Die linke Lobbyorganisation Campact gerät immer mehr ins Fadenkreuz – auch von Datenschützern. Bis 18. September muss sie ihren Internetauftritt ändern.

Berlin - Bei vielen TTIP-Kritikern war die Empörung groß, als die Stuttgarter Nachrichten die Methoden von Campact in einem Artikel hinterfragt haben. Inzwischen gerät die Organisation auch immer stärker in das Fadenkreuz von Datenschützern. Die niedersächsische Landesbeauftragte für den Datenschutz hat in einem Schreiben an Campact Rechtsverstöße gerügt und verlangt „eine datenschutzkonforme Umsetzung Ihrer Internetseite“ bis zum kommenden Freitag.

Damit ist das Geschäftsmodell von Campact – bei der Organisation laufen die Fäden für den Widerstand gegen das Freihandelsabkommen TTIP zusammen – bedroht. Campact hat in den vergangenen zehn Jahren mit Petitionen im Netz etwa 1,7 Millionen E-Mailadressen gesammelt und benutzt zumindest einen Großteil davon für politische Kampagnen.

Freitag letzter Woche ging ein Schreiben der Landesbehörde für den Datenschutz Niedersachsen an Campact in Verden an der Aller. Der Inhalt des Schreiben ist für die Campact-Vorstände unangenehm. Die Behörde bemängelt, dass Campact gegen das Bundesdatenschutzgesetz verstoße.
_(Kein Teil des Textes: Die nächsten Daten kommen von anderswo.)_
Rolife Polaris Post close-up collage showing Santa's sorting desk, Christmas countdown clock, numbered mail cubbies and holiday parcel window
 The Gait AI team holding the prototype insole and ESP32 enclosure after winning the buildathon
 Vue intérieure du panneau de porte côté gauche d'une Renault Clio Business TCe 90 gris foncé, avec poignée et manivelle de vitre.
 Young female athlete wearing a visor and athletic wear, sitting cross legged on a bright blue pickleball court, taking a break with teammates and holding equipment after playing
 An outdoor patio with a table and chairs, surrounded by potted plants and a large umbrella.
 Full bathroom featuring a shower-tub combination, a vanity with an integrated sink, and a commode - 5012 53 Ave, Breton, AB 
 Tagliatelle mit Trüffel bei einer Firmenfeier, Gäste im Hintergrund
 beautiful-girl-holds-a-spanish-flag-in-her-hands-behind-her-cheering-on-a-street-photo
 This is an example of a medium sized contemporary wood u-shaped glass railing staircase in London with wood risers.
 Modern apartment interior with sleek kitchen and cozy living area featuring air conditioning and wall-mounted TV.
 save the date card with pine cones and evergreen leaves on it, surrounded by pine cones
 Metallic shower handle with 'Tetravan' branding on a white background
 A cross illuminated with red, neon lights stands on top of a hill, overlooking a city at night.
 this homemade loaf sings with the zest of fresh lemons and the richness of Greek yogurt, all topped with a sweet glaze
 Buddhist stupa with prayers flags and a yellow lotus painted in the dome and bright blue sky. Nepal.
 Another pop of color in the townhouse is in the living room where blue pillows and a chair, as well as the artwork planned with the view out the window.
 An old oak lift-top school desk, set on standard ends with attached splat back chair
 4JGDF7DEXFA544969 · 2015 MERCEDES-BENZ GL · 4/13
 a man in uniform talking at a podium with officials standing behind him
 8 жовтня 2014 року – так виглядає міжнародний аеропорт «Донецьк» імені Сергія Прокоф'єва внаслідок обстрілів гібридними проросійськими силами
Es wird der Organisation vorgeworfen, dass sie rechtswidrig mit Daten umgehe, die ihnen Sympathisanten bei der Unterzeichnung von Resolutionen im Netz anvertrauen. Die Behörde hält es für nicht zulässig, dass Campact E-Mailadressen, die bei einer Kampagne gesammelt wurden, für weitere Kampagnen nutzt. Im Schreiben der Datenschutz-Behörde heißt es: Die von Campact angewandte Praxis „widerspricht dem Zweckbindungsgrundsatz“.

„Ihr Info-Angebot ist als Werbung zu verstehen“

Als Ohrfeige müssen die „Campact“-Leute vor allem eine Passage des Schreibens der Behörde aus Hannover verstehen: Da heißt es im Hinblick auf die Campact-Resolutionen gegen TTIP, gegen Fremdenhass oder gegen Kohleverstromung, die im Internet geclickt werden sollen: „Ihr Info-Angebot ist als Werbung zu verstehen.“ Und weiter: Die „Verarbeitung dieser Daten für Zwecke der Werbung“ sei nur dann zulässig, wenn die Betreiber der Seite zuvor ausdrücklich die Erlaubnis der Nutzer eingeholt hätten. Werbung? Die Campact-Truppe macht doch stets deutlich, dass es ihr nicht um Kommerz, sondern um politische Überzeugungsarbeit gehe.

Unangenehm für Campact könnte zudem noch eine routinemäßige Untersuchung sein, die die niedersächsische Behörde nun darüber hinaus eingeleitet hat. Campact muss bis Ende September nachweisen, dass der Umgang der Daten in der Organisation rechtskonform abläuft. Verlangt wird etwa der Nachweis, dass die Mitarbeiter mit Zugriff auf die personenbezogenen Daten sich in schriftlicher Form zur Einhaltung des Daten-Geheimnisses verpflichtet haben.

Inzwischen gibt es zudem erste Hinweise darauf, dass Campact E-Mail-Adressen weiter gibt. Ein Nutzer, der am Freitag auf der Campact-Seite die Resolution „Schluss mit dem Hass“ angeklickt und dafür seine Mailadresse angegeben hat, bekam unaufgefordert nur wenige Minuten später per Mail die Aufforderung einer weiteren Organisation mit Sitz in San Francisco, sich an einer Internet-Petition zu beteiligen.

Campact erklärt, nichts mit der Sache zu tun zu haben

Campact erklärt auf Nachfrage unserer Zeitung, nichts mit der Sache zu tun zu haben. „Campact gibt grundsätzlich keine personenbezogenen Daten an Dritte weiter“, heißt es in einer Stellungnahme. Schon gar nicht verdiene Campact Geld mit dem Handel von Daten. Campact könne sich auch nicht erklären, warum diese Mail einer ganz ähnlich arbeitenden Organisation aus den USA im Postfach gelandet sei. Vielleicht habe jemand unbefugt die betreffende Mailadresse eingegeben.

Schon möglich, das wäre dann allerdings ein sehr großer Zufall.